AI Technology, Applications and Impact

AI Technology, Applications and Impact

What is AI?

There are different ways one can view AI. Here are a few views I resonate with. These differing perceptions are somewhat orthogonal. 

  • It is a field of study and research on how to make machines more intelligent. 
  • It is a branch of computer science.
  • It is a set of technologies and processes to mimic human level intelligence in machines

In short, AI is an umbrella term used to cover different approaches to get machines to learn, reason and provide intelligence as close to human intelligence as possible.  

To avoid ambiguity, let us talk about AI technology and AI applications. AI Technology consists of a set of methods to derive intelligence from different types of data (text, numbers, video, audio, images and signals of various kinds). 

Applied AI is the application of AI technologies to make applications, and devices smarter. For example using audio signals to recognize speech and convert it to text is an application of AI that most of us can relate to.  Identifying objects in an image, recognizing digits, detecting anomalies, making predictions are some of the more popular applications of AI. 

AI technologies have been evolving over a period of time. In the early stages (late 50s and 60s) AI was all about domain knowledge and rule based inferences. As the limitations of these approaches unraveled, we slowly started moving towards statistical methods driven by data. Machine learning a sub-field of artificial intelligence is currently based on two major approaches - statistical machine learning and deep learning. 

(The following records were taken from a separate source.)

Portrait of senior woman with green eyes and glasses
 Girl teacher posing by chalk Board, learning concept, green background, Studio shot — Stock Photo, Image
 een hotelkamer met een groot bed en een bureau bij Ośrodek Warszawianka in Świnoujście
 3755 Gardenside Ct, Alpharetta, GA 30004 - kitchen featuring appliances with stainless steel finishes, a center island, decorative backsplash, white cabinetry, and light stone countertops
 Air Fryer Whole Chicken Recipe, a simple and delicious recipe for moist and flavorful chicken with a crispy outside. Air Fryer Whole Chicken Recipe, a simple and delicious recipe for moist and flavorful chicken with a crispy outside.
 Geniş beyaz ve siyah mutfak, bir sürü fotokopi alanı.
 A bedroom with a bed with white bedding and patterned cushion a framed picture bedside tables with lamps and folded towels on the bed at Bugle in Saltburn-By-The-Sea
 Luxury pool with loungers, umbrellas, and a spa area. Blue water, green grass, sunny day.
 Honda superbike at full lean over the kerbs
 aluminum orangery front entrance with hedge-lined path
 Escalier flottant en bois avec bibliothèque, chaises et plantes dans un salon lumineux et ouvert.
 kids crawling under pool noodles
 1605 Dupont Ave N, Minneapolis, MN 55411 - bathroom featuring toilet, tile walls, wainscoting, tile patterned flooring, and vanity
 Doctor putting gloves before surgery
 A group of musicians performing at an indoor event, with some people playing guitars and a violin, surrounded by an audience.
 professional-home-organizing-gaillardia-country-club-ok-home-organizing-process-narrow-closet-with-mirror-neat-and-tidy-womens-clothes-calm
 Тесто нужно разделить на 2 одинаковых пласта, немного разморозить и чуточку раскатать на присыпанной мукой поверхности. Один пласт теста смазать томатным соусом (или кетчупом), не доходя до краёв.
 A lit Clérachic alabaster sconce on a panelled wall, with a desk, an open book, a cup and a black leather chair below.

Statistical machine learning provides different techniques, algorithms and models for processing data and deriving insights. Deep learning is currently based on artificial neural networks. A wide variety of neural networks have evolved to solve different problems. Artificial neural networks get their name because they are made up of artificial neurons which model a part of the behavior of the neurons in human brains. 

AI is an emerging field of study and research. So we need to temper our expectations of what it can do. There are some narrow areas where AI has advanced swiftly and effectively. These include playing games that humans were good at (Chess, Go and others), recognizing speech, translating languages, predicting customer behavior, detecting fraud and others. Before AI techniques arrived at the scene, attempts were being made to use rule based systems to perform some of these tasks. 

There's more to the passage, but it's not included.